[DATA FOR REVIEW — start]
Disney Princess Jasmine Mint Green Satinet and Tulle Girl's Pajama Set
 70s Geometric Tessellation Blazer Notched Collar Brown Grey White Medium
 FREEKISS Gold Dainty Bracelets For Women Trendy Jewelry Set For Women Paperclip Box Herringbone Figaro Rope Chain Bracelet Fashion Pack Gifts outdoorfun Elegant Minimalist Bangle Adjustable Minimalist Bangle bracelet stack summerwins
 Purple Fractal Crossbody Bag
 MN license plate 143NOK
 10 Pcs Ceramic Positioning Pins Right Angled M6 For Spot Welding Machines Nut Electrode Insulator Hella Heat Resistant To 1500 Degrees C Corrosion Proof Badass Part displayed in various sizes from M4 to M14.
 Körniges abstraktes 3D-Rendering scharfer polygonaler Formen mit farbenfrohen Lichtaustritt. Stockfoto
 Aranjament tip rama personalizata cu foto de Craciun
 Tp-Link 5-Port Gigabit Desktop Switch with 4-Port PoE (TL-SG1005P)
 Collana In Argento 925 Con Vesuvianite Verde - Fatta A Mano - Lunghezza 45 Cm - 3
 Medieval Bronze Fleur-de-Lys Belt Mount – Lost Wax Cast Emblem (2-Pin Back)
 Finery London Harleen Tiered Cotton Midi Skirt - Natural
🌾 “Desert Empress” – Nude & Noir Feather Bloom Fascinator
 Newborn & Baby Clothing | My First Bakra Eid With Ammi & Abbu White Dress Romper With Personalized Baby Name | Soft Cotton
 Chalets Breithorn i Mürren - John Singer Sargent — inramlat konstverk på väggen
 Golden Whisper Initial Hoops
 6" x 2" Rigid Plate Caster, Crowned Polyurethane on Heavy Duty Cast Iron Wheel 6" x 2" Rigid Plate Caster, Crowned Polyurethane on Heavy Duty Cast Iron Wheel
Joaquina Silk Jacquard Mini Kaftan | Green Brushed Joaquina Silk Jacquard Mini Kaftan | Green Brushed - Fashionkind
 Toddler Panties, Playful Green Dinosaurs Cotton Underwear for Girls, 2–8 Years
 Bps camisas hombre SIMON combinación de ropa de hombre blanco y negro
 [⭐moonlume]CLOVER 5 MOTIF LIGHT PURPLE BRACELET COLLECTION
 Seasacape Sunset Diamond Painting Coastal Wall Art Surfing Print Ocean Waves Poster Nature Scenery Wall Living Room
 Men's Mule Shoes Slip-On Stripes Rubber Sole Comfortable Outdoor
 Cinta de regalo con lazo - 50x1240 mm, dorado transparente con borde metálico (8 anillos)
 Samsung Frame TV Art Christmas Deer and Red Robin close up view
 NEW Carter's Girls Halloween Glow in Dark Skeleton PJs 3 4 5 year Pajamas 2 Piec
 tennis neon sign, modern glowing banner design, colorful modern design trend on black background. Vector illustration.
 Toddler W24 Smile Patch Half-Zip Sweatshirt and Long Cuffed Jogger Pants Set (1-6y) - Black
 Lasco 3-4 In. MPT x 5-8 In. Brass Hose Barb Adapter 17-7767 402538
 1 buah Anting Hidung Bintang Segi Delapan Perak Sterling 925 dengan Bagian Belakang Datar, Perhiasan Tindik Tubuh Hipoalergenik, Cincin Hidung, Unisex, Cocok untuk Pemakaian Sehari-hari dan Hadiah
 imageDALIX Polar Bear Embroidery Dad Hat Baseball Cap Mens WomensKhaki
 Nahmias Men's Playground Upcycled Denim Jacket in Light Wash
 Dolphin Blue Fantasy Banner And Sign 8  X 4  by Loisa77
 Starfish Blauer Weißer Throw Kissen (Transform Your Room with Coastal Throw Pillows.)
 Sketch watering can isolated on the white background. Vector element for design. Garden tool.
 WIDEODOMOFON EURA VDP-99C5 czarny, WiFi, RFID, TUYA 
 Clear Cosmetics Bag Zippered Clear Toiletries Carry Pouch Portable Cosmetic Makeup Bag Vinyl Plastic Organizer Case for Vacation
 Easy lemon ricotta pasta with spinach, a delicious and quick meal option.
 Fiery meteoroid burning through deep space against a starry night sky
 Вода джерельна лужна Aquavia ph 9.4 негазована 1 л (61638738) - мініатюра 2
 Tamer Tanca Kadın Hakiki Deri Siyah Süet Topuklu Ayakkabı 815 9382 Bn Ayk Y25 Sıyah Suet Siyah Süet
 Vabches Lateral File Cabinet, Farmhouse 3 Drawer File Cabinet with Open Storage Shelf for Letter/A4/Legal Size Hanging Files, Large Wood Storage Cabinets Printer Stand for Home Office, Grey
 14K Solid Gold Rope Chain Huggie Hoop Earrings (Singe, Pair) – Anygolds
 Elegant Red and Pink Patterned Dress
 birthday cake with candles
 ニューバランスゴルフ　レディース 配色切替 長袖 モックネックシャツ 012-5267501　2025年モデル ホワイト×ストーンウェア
[DATA FOR REVIEW — finish]
Copy the lines of the data above exactly as written, beginning with the line containing "Finery London Harleen" and ending with the line containing "Toddler Panties, Playful", and leave out all other lines.

 Finery London Harleen Tiered Cotton Midi Skirt - Natural
🌾 “Desert Empress” – Nude & Noir Feather Bloom Fascinator
 Newborn & Baby Clothing | My First Bakra Eid With Ammi & Abbu White Dress Romper With Personalized Baby Name | Soft Cotton
 Chalets Breithorn i Mürren - John Singer Sargent — inramlat konstverk på väggen
 Golden Whisper Initial Hoops
 6" x 2" Rigid Plate Caster, Crowned Polyurethane on Heavy Duty Cast Iron Wheel 6" x 2" Rigid Plate Caster, Crowned Polyurethane on Heavy Duty Cast Iron Wheel
Joaquina Silk Jacquard Mini Kaftan | Green Brushed Joaquina Silk Jacquard Mini Kaftan | Green Brushed - Fashionkind
 Toddler Panties, Playful Green Dinosaurs Cotton Underwear for Girls, 2–8 Years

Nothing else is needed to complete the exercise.